In high risk populations a diastolic blood pressure of 75 mm Hg or more at 13 to 20 weeks’ gestation best predicted pre-eclampsia (positive likelihood ratio 2.8, 1.8 to 3.6; negative likelihood ratio 0.39, 0.18 to 0.71).w26 Another study showed a positive likelihood ratio of 2.8 and negative likelihood ratio of 0.00, but this study had only one case of pre-eclampsia (sensitivity 100%).
In 24 studies it was unclear whether single (in doctor’s surgery) or multiple (ambulatory blood pressure monitoring during the daytime) readings were reported.
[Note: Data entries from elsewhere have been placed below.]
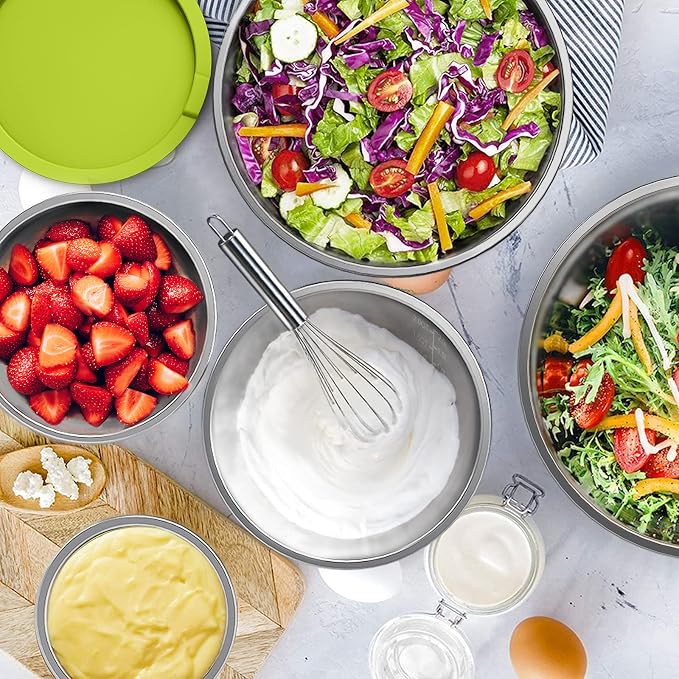 Wildone Mixing Bowls with Airtight Lids, Stainless Steel Mixing Bowls Set | Metal Bowls with 3 Grater Attachments & Non-Slip Bottom, Size 5, 4, 3, 2,1.5, 0.63QT, Includes Utensil Set for Prep, Colored - Image 6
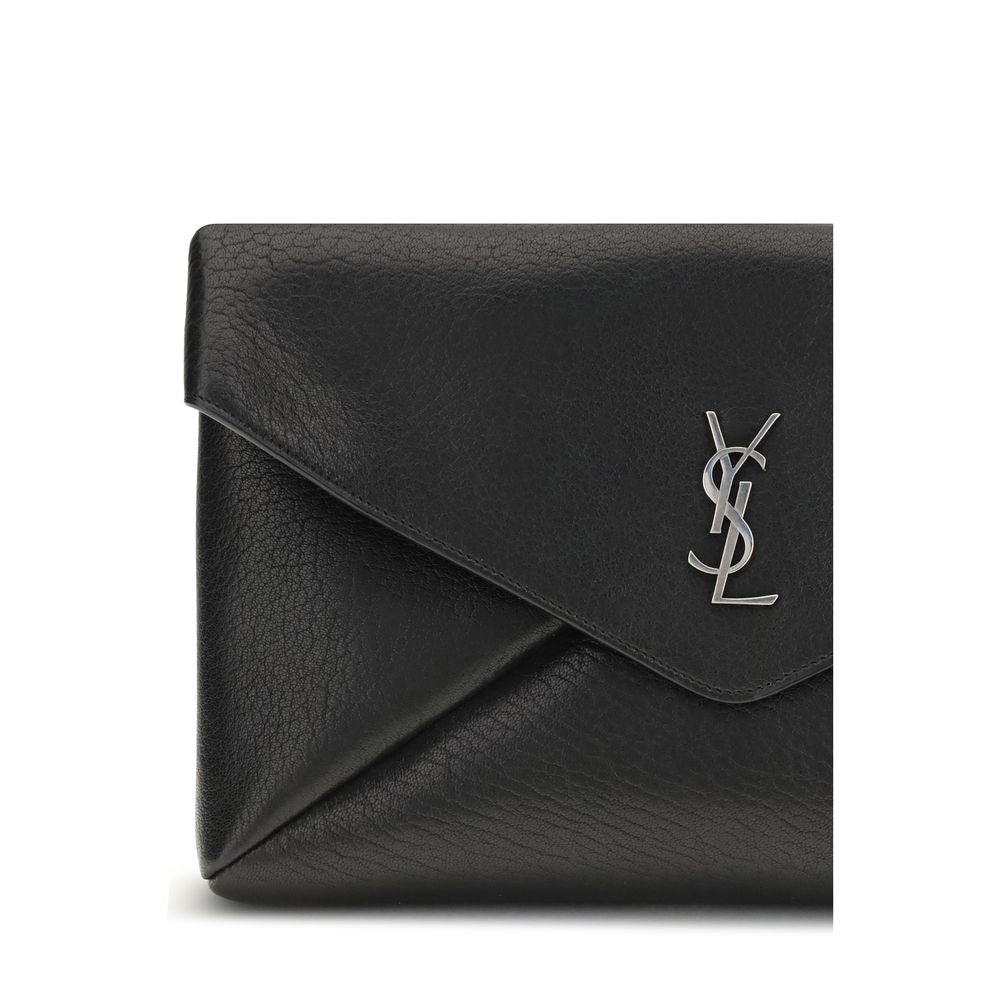 Saint Laurent Cassandre Bos Taurus Calf Leather Envelope Clutch Handbag - Black Silver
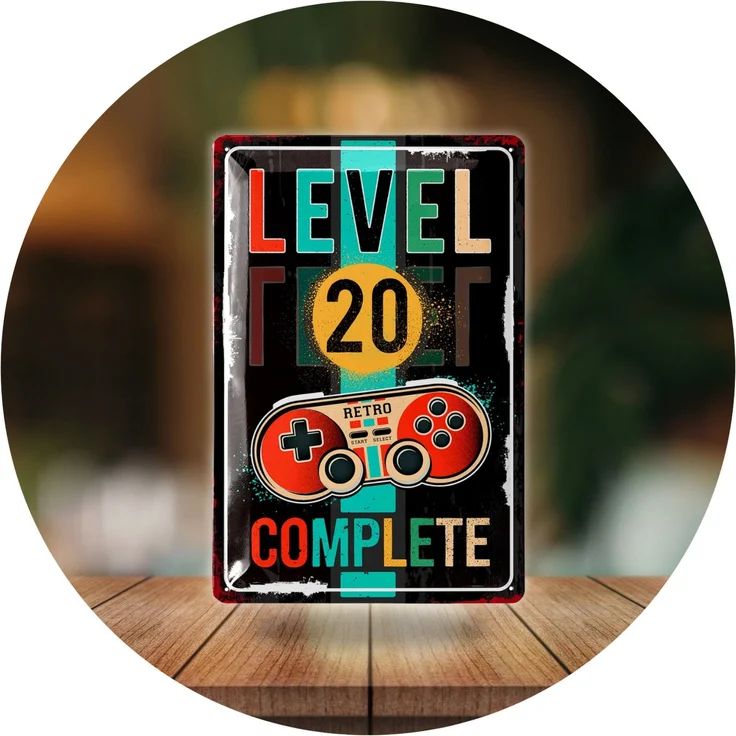 LANOLU Blechschild Retro Gaming Controller lvl. 20 - 20x30cm – Metall – Mehrfarbig – 20198 – Bild 6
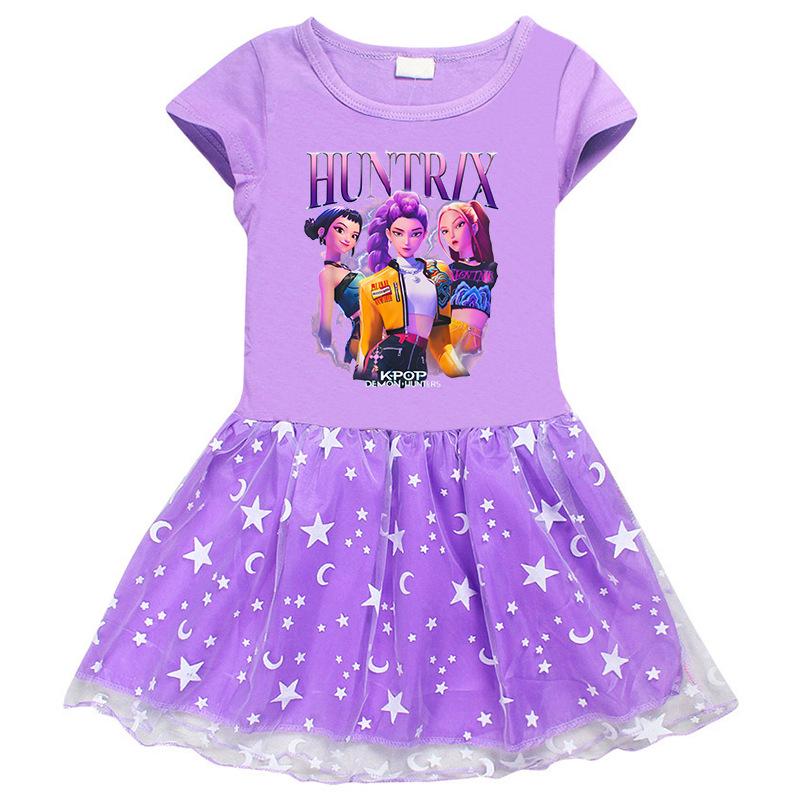 Korean Style Kpop Demon Slayer Long/Short Sleeve Girls' Princess Dress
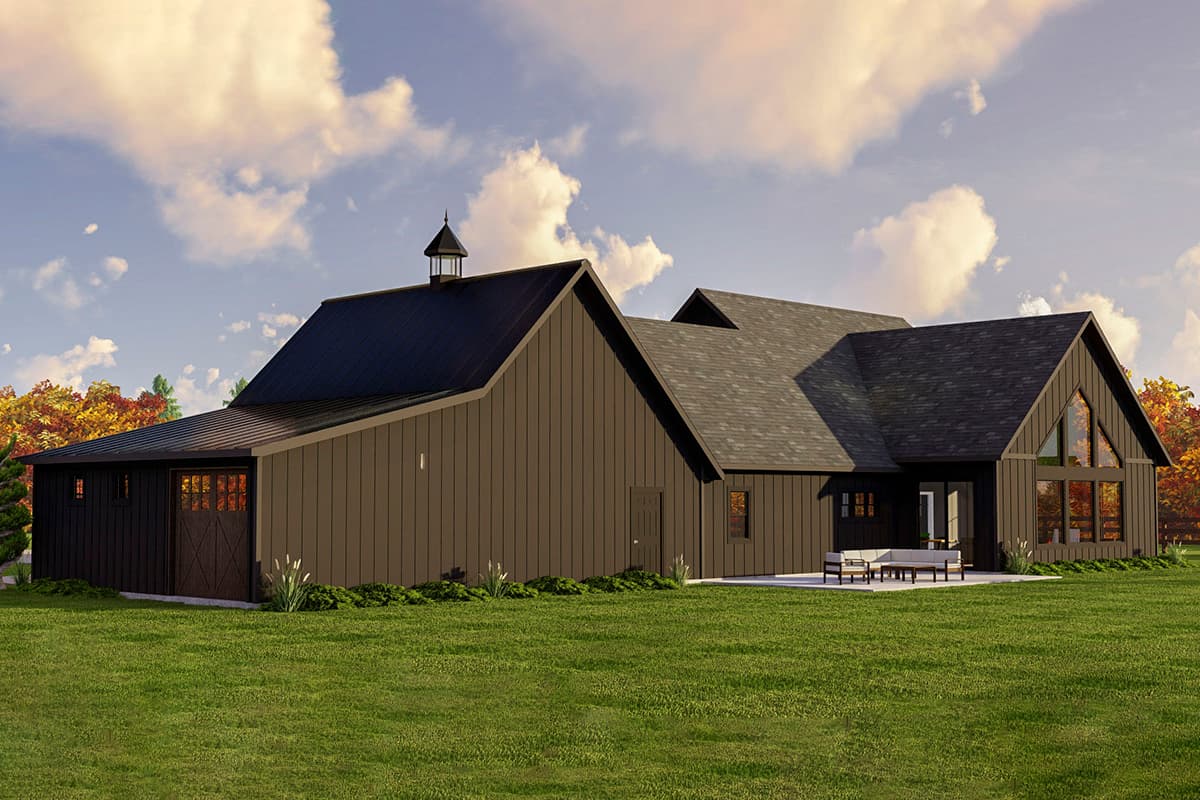 Plan 135187GRA: 2400 Square Foot Rustic 3-Bedroom Farmhouse Plan with Barn-Style Garage  - Image #13 - Barndominium, Country, Farmhouse, Modern Farmhouse, New American, Rustic, Transitional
When it was assumed that these studies carried out single measurements, the areas under the curves for testing low risk populations in the second trimester remained 0.68 for systolic blood pressure, 0.66 for diastolic blood pressure, and 0.76 for mean arterial pressure. Areas under the curves for blood pressure measurement in the first trimester were 0.66 for systolic blood pressure, 0.67 for diastolic blood pressure, and 0.79 for mean arterial pressure.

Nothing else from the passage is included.